» **WHAT IS NEEDED**:
Find "天津五大道和上海外滩,北京大前门和大栅栏" below and begin at its line; stop after the line with "Emerald Maraboon Motor". Output those lines exactly, without pictures.

» **SOURCE MATERIAL**:
————————

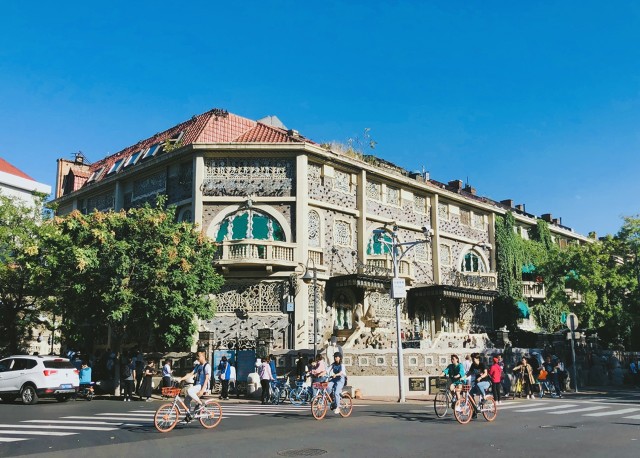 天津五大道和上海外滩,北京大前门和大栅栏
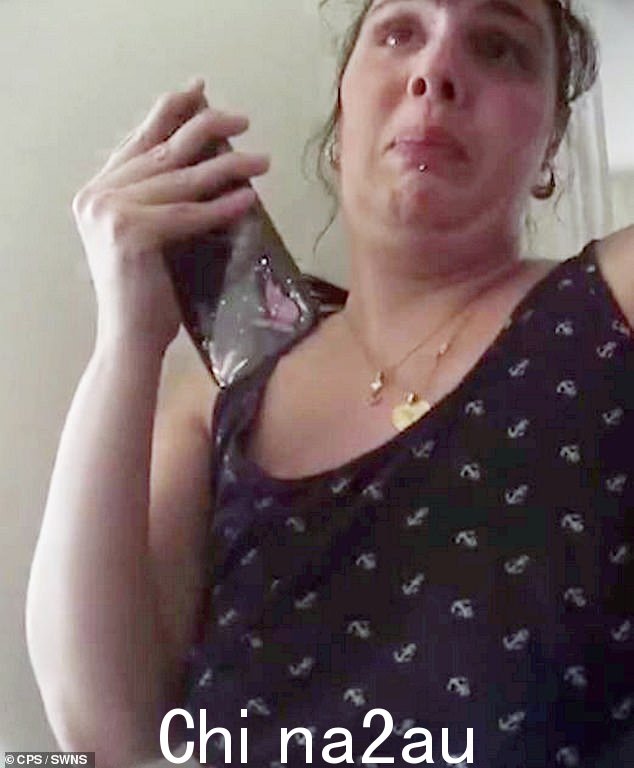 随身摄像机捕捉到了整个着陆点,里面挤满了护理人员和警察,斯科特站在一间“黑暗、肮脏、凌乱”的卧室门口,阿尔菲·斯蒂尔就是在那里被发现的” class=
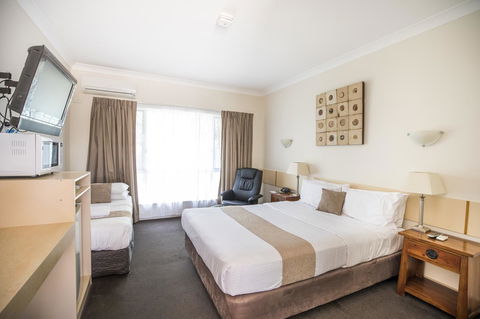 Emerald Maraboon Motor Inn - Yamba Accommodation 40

————————

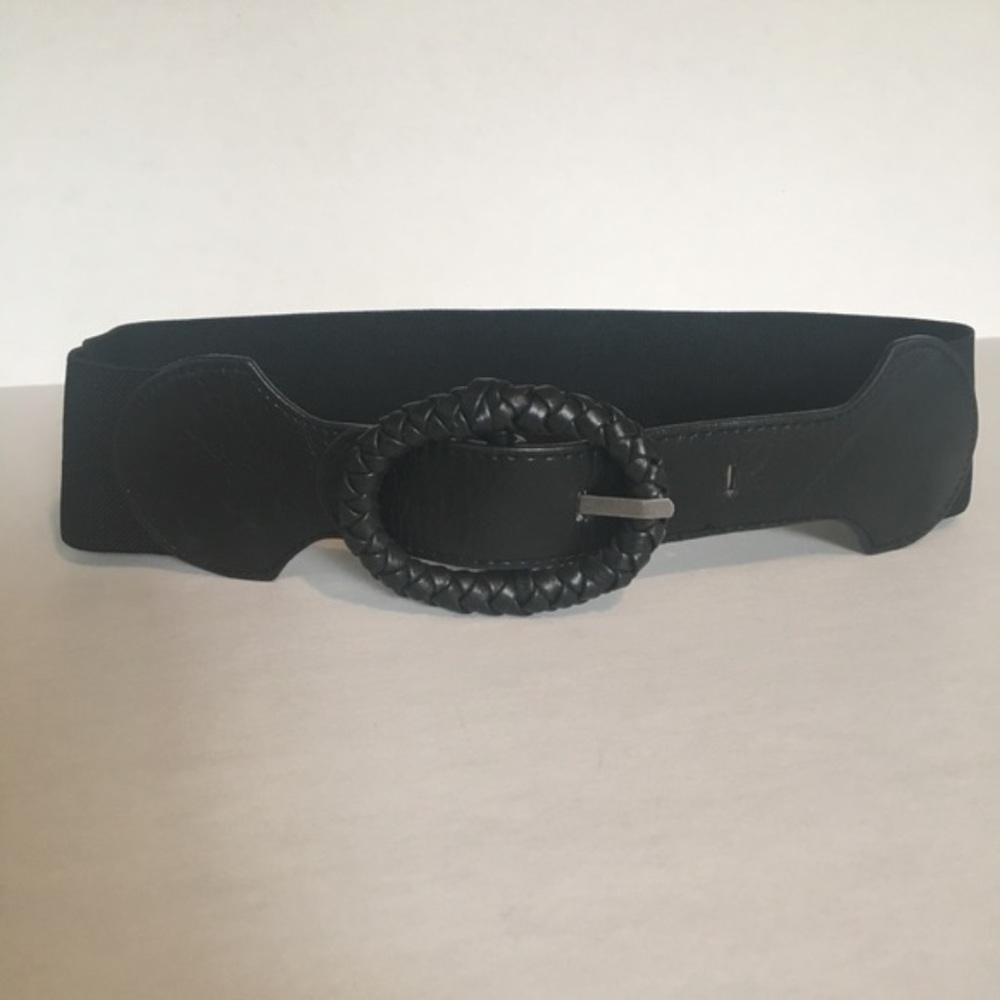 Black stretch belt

————————

» **RESPONSE BOX**:
 天津五大道和上海外滩,北京大前门和大栅栏
 随身摄像机捕捉到了整个着陆点,里面挤满了护理人员和警察,斯科特站在一间“黑暗、肮脏、凌乱”的卧室门口,阿尔菲·斯蒂尔就是在那里被发现的” class=
 Emerald Maraboon Motor Inn - Yamba Accommodation 40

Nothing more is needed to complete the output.